Trump took to the stage shortly before midnight to chants of "We love you!" from the largest audience he spoke to all day, saying that as it's his last rally "we can stay all night."
He called on his supporters to vote for him, saying their ballots would ensure he wins Florida, which he called "my home state" as the New York real estate mogul made it his official residence last year.
"If we win Florida, we win it all," he said.
He spoke of not being a politician while comparing himself to the "globalist" Biden.
"In 2016, Florida voted to fire this corrupt political establishment and you elected an outsider as president who is finally putting America first," he said. "And if I don't sound like a typical politician, it's because I'm not a politician -- probably why we won. If I don't always play by the rules of Washington and the Washington establishment, it's because I was elected to fight for you."
He also championed his fight against terrorism, highlighting the rescue over the weekend of Philip Walton, 27, who was held captive by a gang in northern Nigeria as well as the assassinations of Islamic State leader Abu Bakr al-Baghdadi in October 2019 and of Iranian military commander Qassem Soleimani early this year.
The president also suggested he may fire Dr. Anthony Fauci, the director of the National Institute of Allergy and Infectious Diseases and a member of the White House's coronavirus taskforce.
The coronavirus pandemic was only touched on during the rallies, usually to criticize state lockdowns, and Trump elicited chants of "Fire Fauci" from the audience for saying news coverage of the virus will lessen after the election.
Trump waited for the chant to stop before saying, "don't tell anybody, but let me wait until a little bit after the election. I appreciate the advice."

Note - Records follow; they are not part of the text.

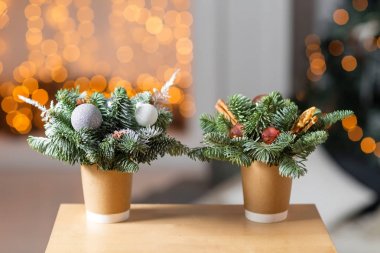 İki tekne ahşap bir masa üzerinde kahve bardakları kağıt. Noel süsleri çam ağacı ile kahve kavramı. Arka plan bokeh ampul garland üzerinde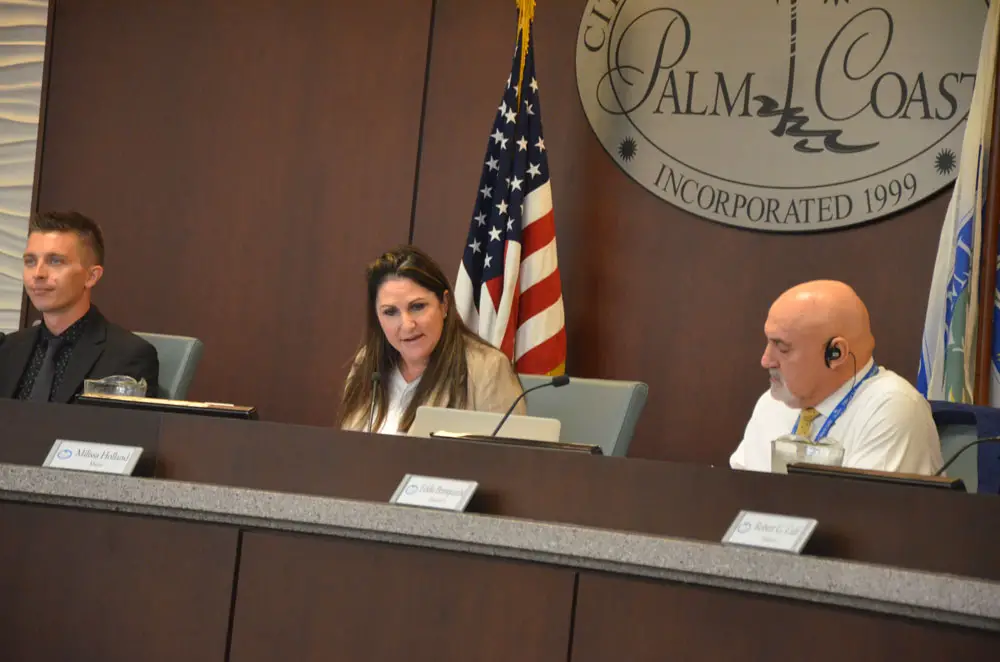 Mayor Milissa Holland anchored a 90-minute segment at Monday's Palm Coast City Council meeting, devoted entirely to refuting allegations about the city's relationship with Coastal Cloud, and the mayor's role. The mayor is a company employee. (© FlaglerLive)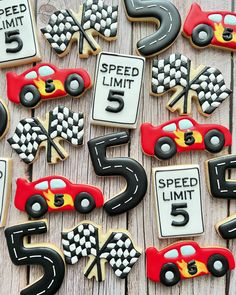 decorated cookies with race cars and numbers are on a wooden table next to each other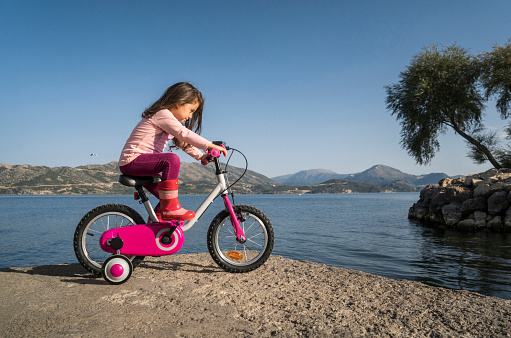 Young girl riding bicycle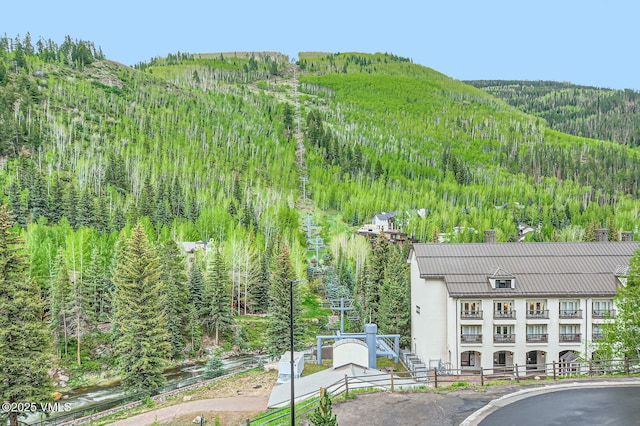 1234 Westhaven Cir Unit A-71, Vail, CO 81657 - view of mountain backdrop with a heavily wooded area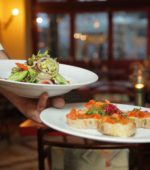 server carries two plates of food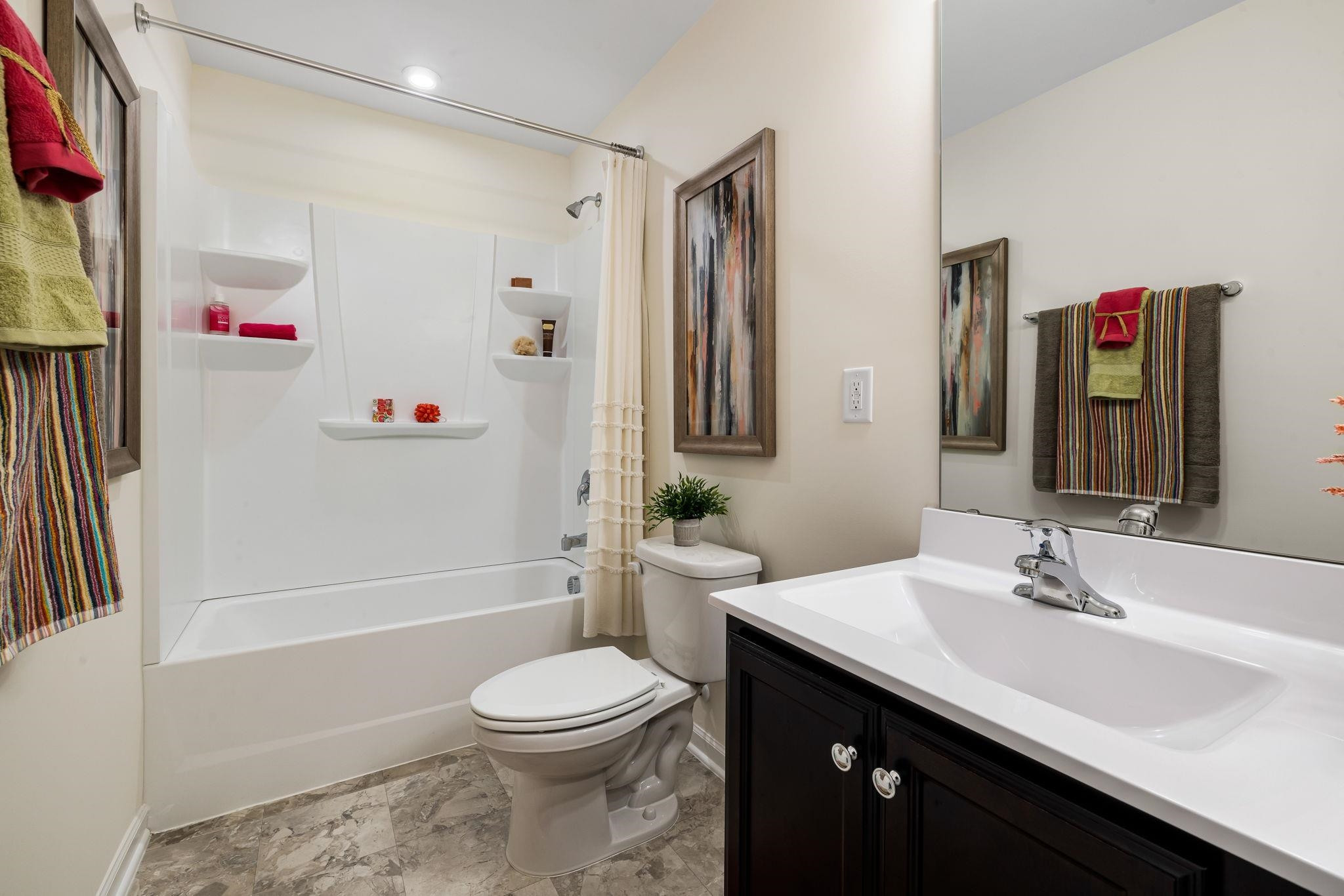 6512 Winter Spring Drive Wake Forest, NC 27587 - Photo 27 of 34 a bathroom with a sink a toilet and a bathtub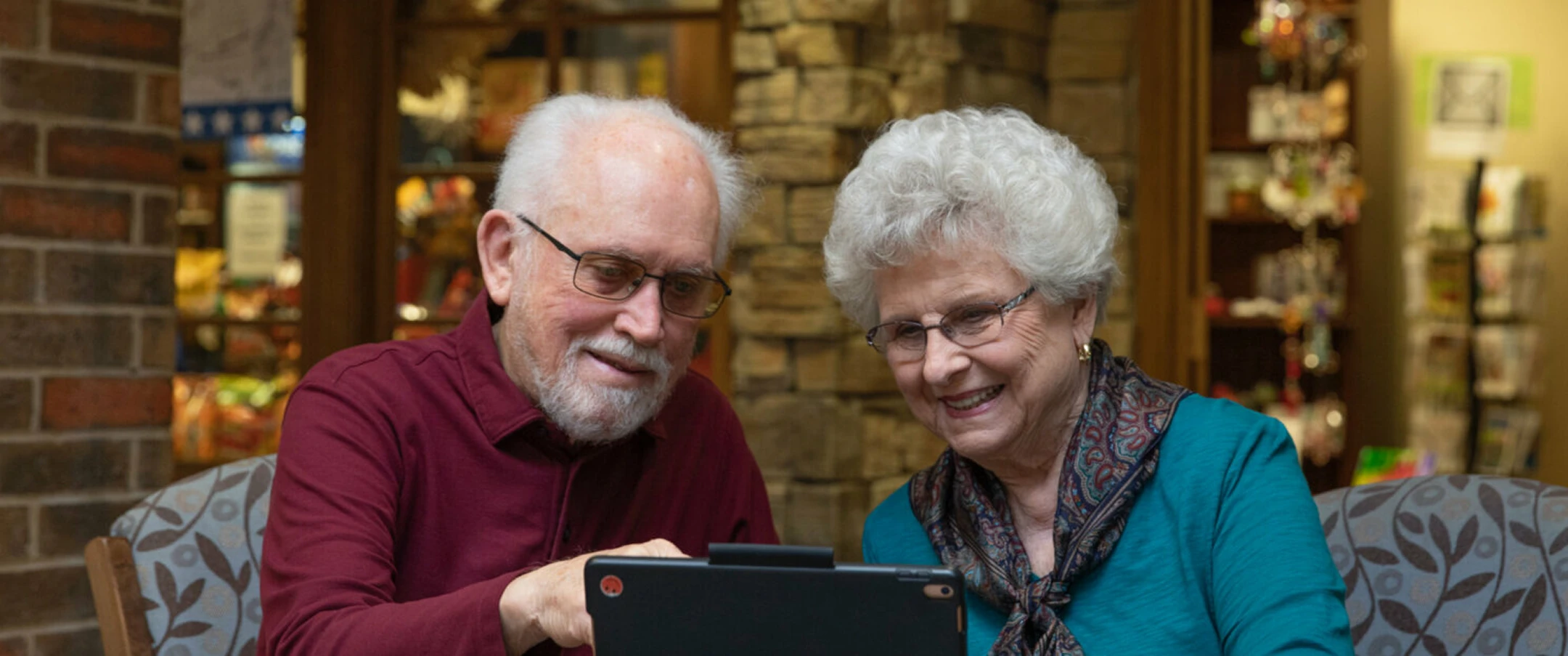 Two adults using a laptop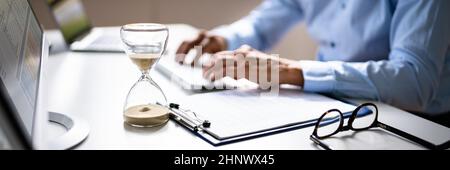 Late Invoice And Billing Deadline With Hourglass At Desk Stock Photo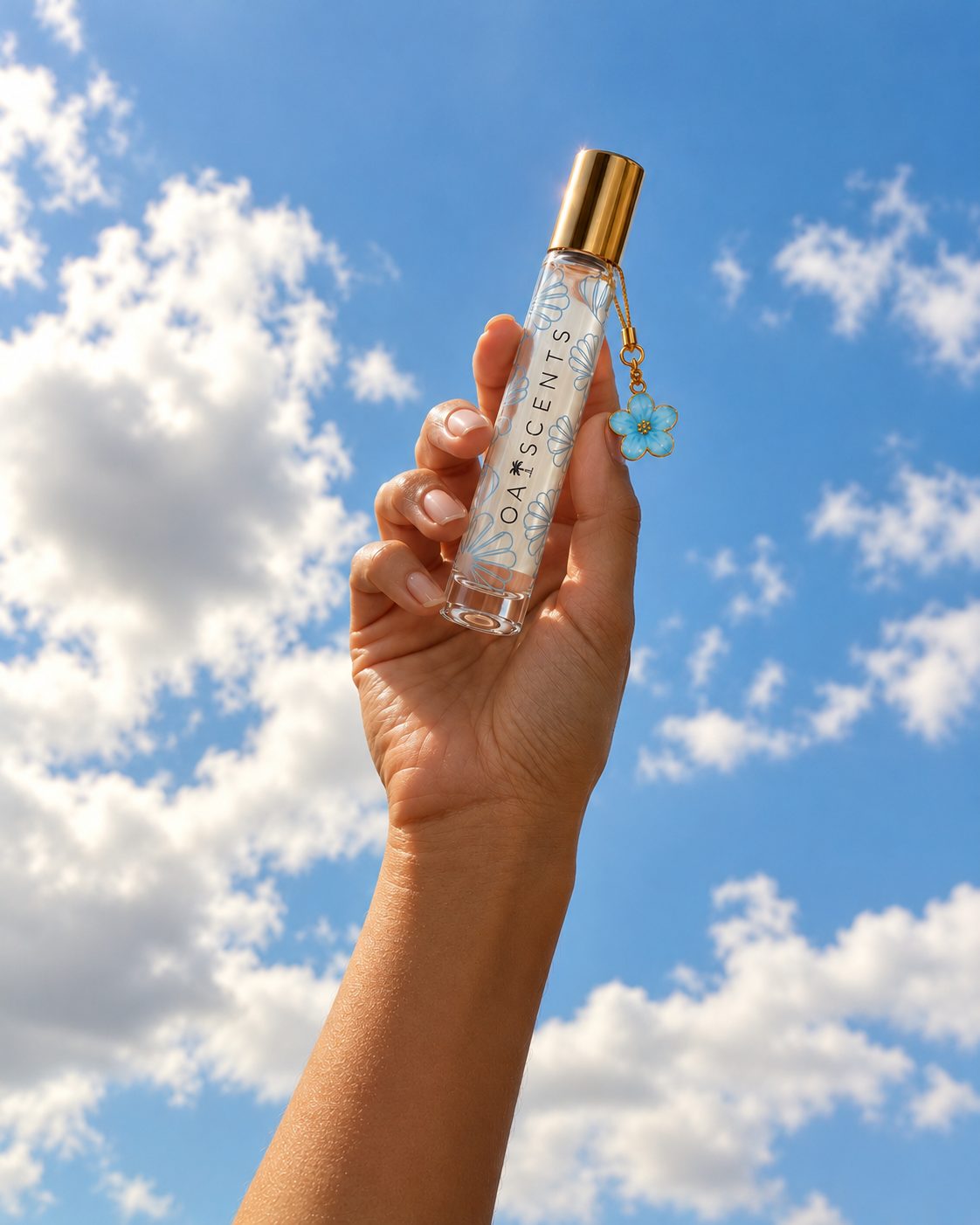 A hand lifting the Sky Bloom roll-on perfume oil against a bright blue sky, its gold cap and blue flower charm catching the light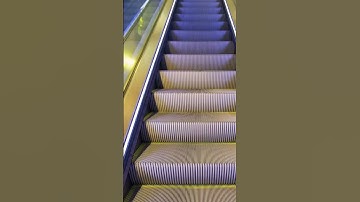 Why do escalator steps have grooves?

His remark followed Fauci drew a rebuke from the White House by breaking with the president's assertion that the United States is "rounding the turn" on the COVID-19 pandemic by warning the country could experience "a whole lot of hurt" in the winter.
The president then described Fauci as a "nice man" who has been "wrong on a lot."
Trump left the stage shortly before 1 a.m., and hours before he was scheduled to depart Doral, where he is to spend the night, for Miami to start another day of rallies in the five states of Florida, North Carolina, Pennsylvania, Michigan and Wisconsin.
His visit to North Carolina also follows the Supreme Court's rejection of two Republican challenges to the state board of elections' decision to extend the deadline to count mail-in ballots until Nov. 13.
During a rally in Pennsylvania on Saturday, Trump criticized a similar ruling by the high court in the state.